Oh, but wait — it’s a Republican version.
Senator John Thune and Congressman Steve Scalise are introduced their own version of the “Buffett Rule” in the chambers, replacing President Barack Obama’s tentative proposal to tax capital gains and investment income at a higher rate to ensure millionaires pay as large of a portion of their annual income in taxes as the middle class does. In the Thune/Scalise version of the “Buffett Rule,” the IRS would add an extra box to the yearly tax form. If you feel you don’t pay enough in taxes, you can check the box to pay more.
Thune justified his proposal, saying, “If individuals like Warren Buffett or President Obama are inclined to donate their own personal money toward paying down the federal government’s debt, they ought to have that right to do so voluntarily.”
According to Congressional Republicans, Obama’s “Buffett Rule” is unnecessary overkill. But the Congressional Research Service says that might not be the case. Based on their research, about one in four millionaires actually do pay less in taxes proportionally than the middle class does.

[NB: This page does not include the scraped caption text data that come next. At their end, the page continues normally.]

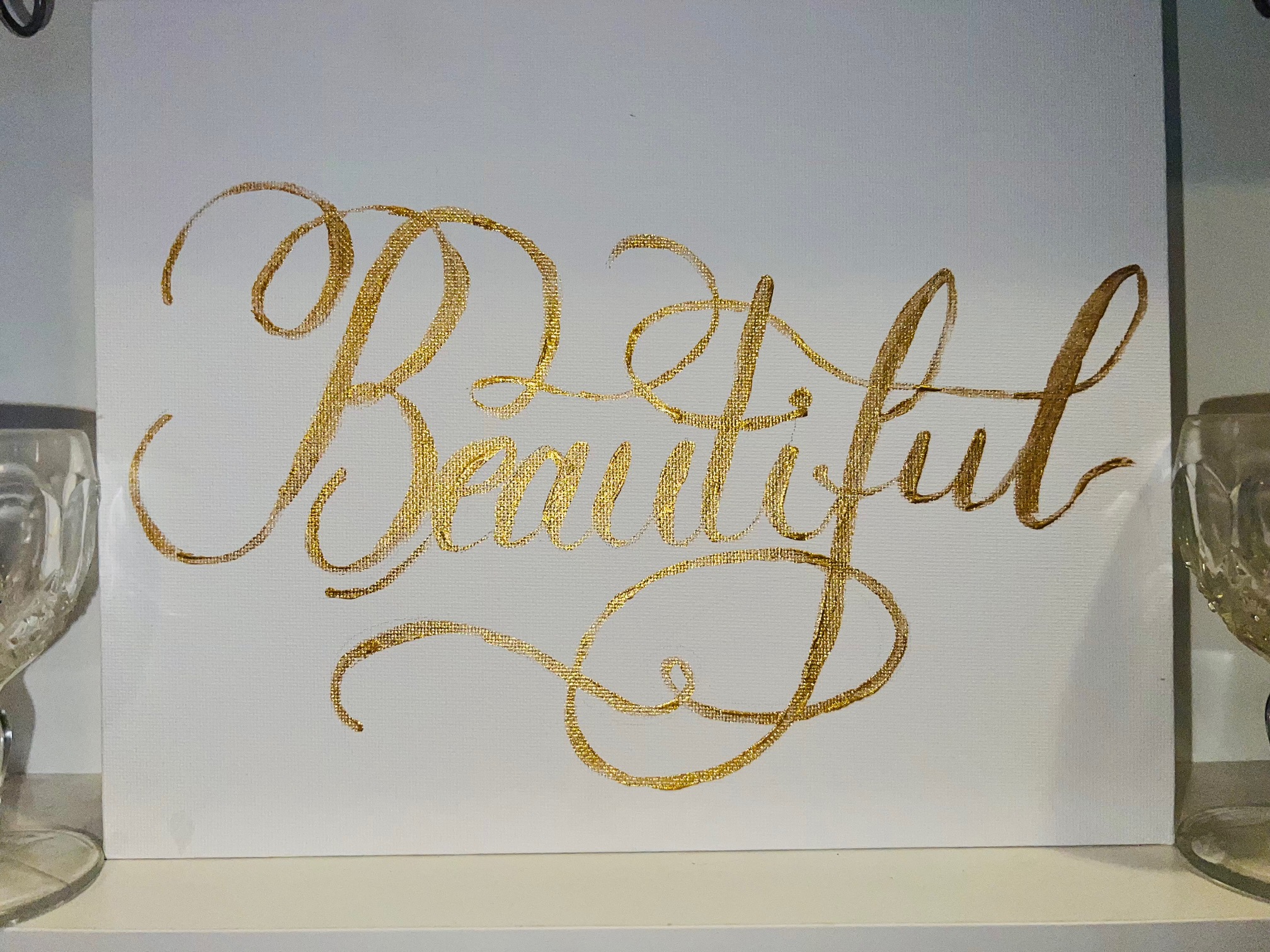 The word Beautiful painted in gold on a canvas board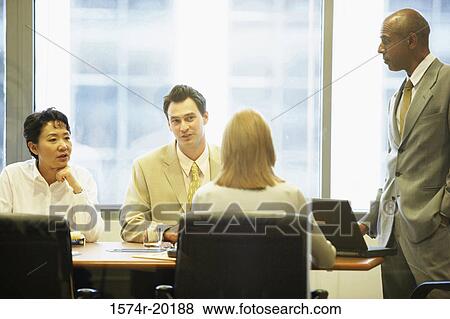 Stock Photo - Two businessmen and two businesswomen talking in a conference room. Fotosearch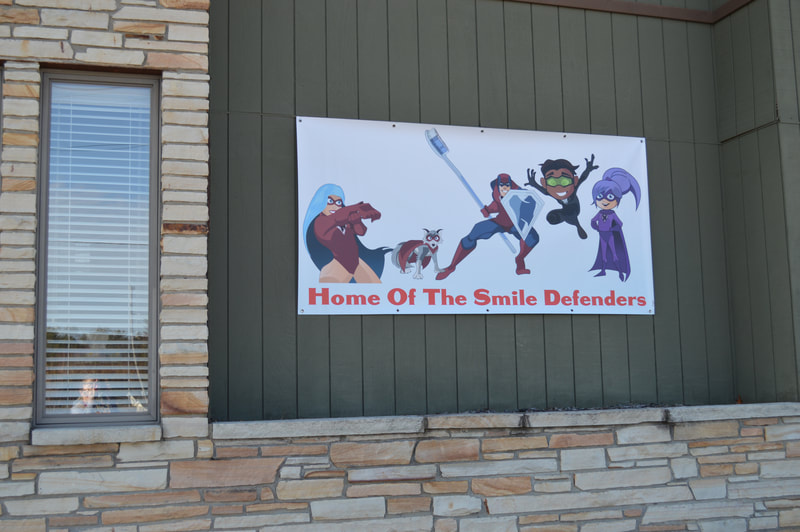 Photo of a smile defender banner on the side wall of a dental office.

As Politico reports, “Investment income that is taxed at a preferred rate and the reduced impact of payroll taxes on higher incomes means that 94,500 millionaires pay federal taxes at an effective lower rate than 10.4 million “moderate-income taxpayers” earning less than $100,000 a year. That means about one in four millionaires pay lower federal income tax rates than 10 percent of middle-class households.”
Wonder how many of them would voluntarily check the box?